When I heard that Gregory XVIII had resigned, I was skeptical, it had to be just someone’s wishful thinking. The idea that the most hard line of all the “popes” in Palmar’s history would abandon the Church seemed impossible. This is the man who had branded himself as the “Receiver of Christ”, established his own personality cult, and formed the so called “Red Guard”. The latter being a band of followers who would lay down their lives for him. In the end he just got up and left. Ultimately, he took the cowards way out, he has been quoted as saying he “lost his faith” [3] and “I discovered that all that had been a sham for financial purposes” [3]. Why he didn’t use his position as “pope” to bring these revelations to light among the faithful? Instead he left a note behind and ran anyway
with his lover. Rather than using documents that could be used to expose Palmar for what it is he treats them as mere blackmail [3].

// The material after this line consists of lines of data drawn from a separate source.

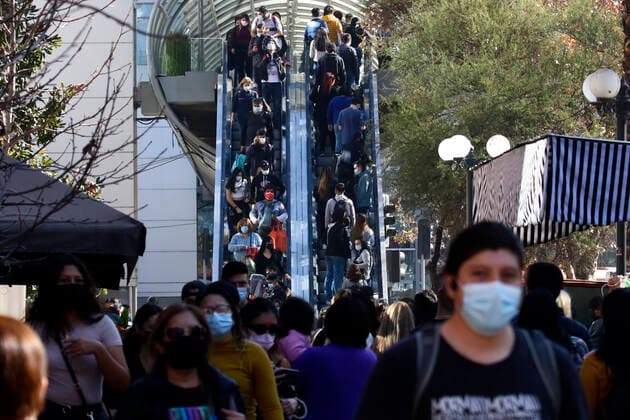 Santiago, June 11, 2021 Large influx of people in the Costanera Center mall prior to total quarantine in the Metropolitan Region by Covid pandemic 19 Javier Salvo Aton Chile, Santiago Chile Aton 517021  Copyright: JAVIERxSALVO ATONxCHILE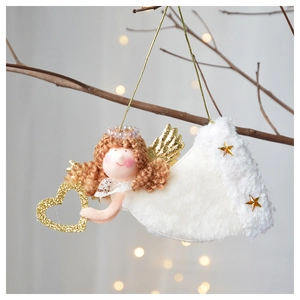 Dettaglio dell'angelo di Natale in peluche con ali dorate su un ramo con luce calda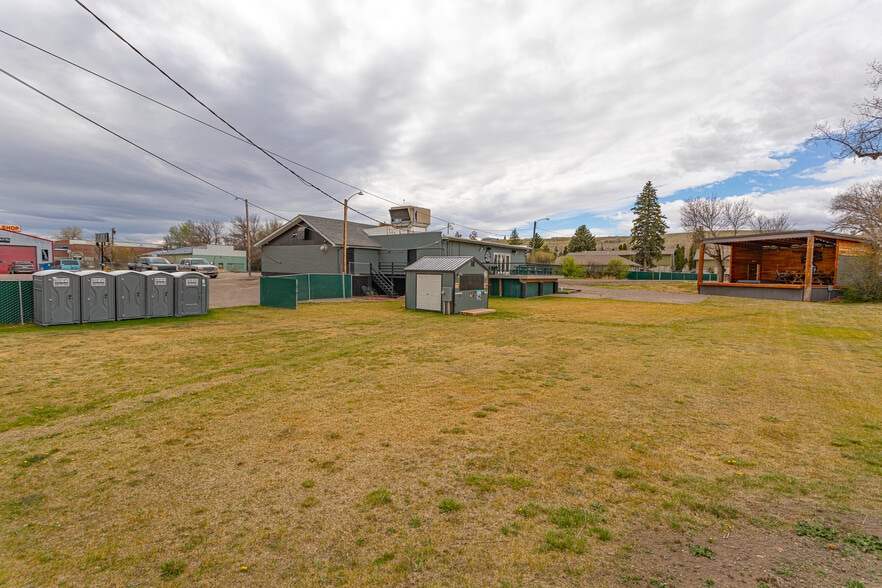 More Photos Of 1349 13th Ave SW, Great Falls Bar For Sale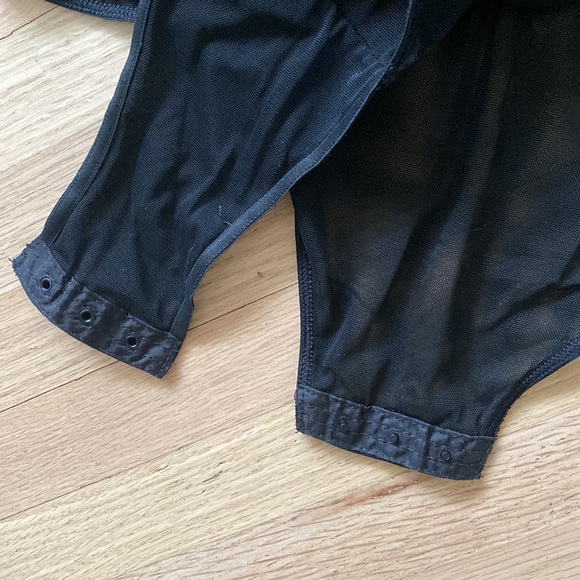 NWOT H&M Mesh Polka Dot Bodysuit long Sleeve with keyhole back - Picture 6 of 7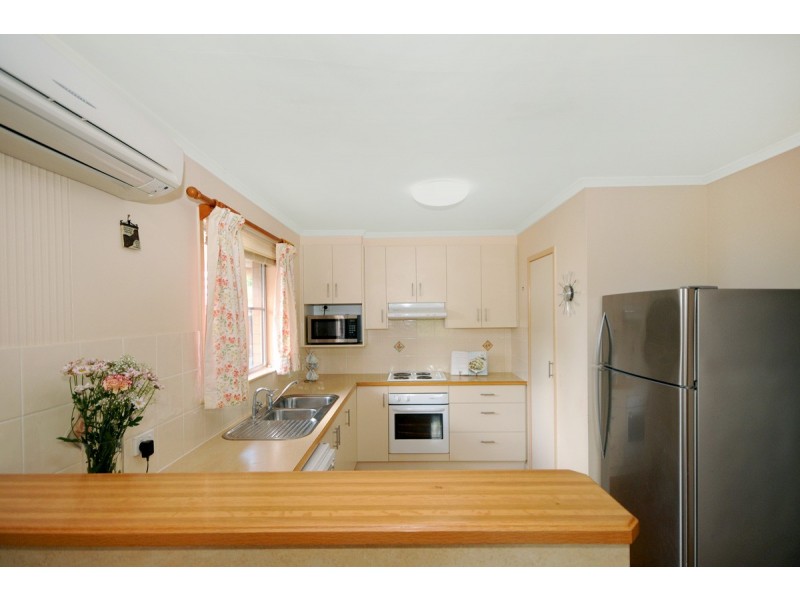 16 Wentworth Street, Centenary Heights QLD 4350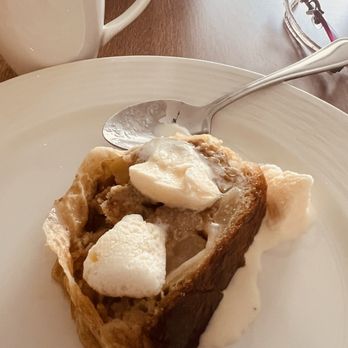 Checkers Old Munchen - Homemade Apple Strudel - American Near Me - Pompano Beach, Florida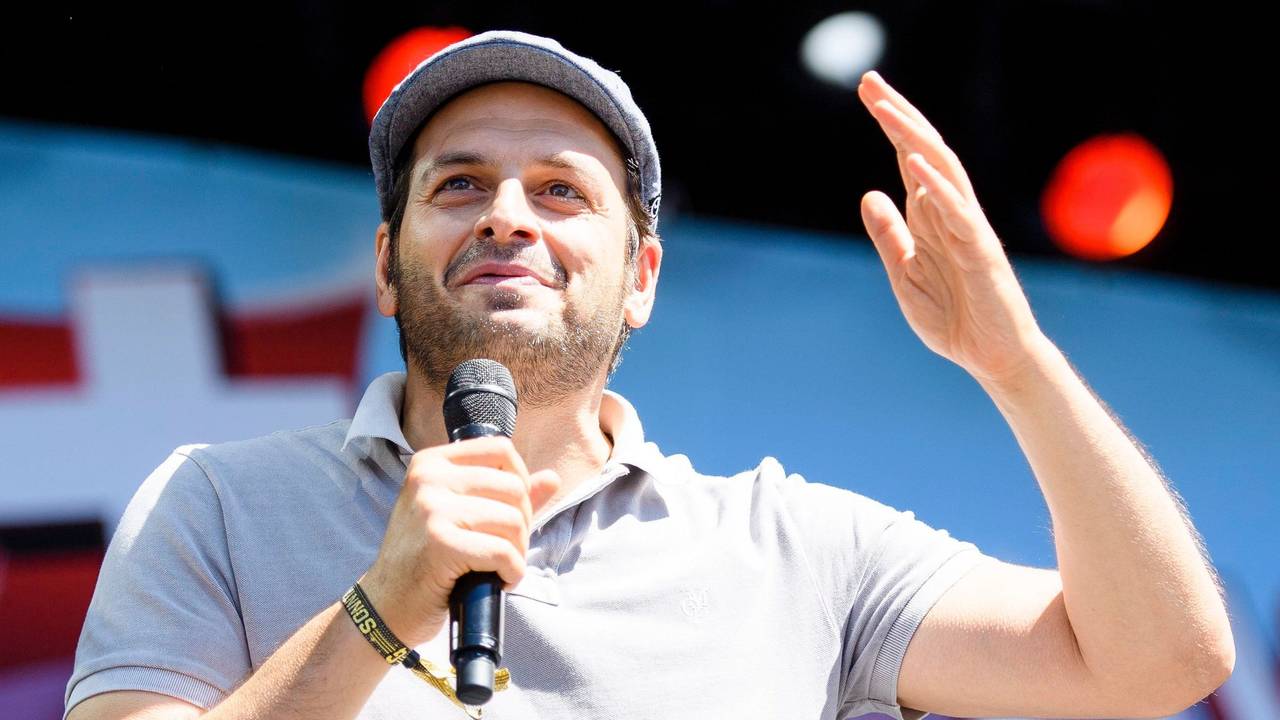 Comedian Kaya Yanar bei einem Auftritt.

Those inside Palmar are now left in the dark, they will be spoon fed nonsense by Peter III, about how Gregory XVIII lost the faith and that this is just another test. Nowhere in Palmar’s teachings is there mention of such a huge event as a “pope” apostatising in such a way. To the remaining Palmarians, this should be “the writing on the wall”. I hope this will at least make them question their blind faith and the direction that it has taken them in. In the end I found that growing up as youth in the Palmarian Catholic Church was a dehumanising experience.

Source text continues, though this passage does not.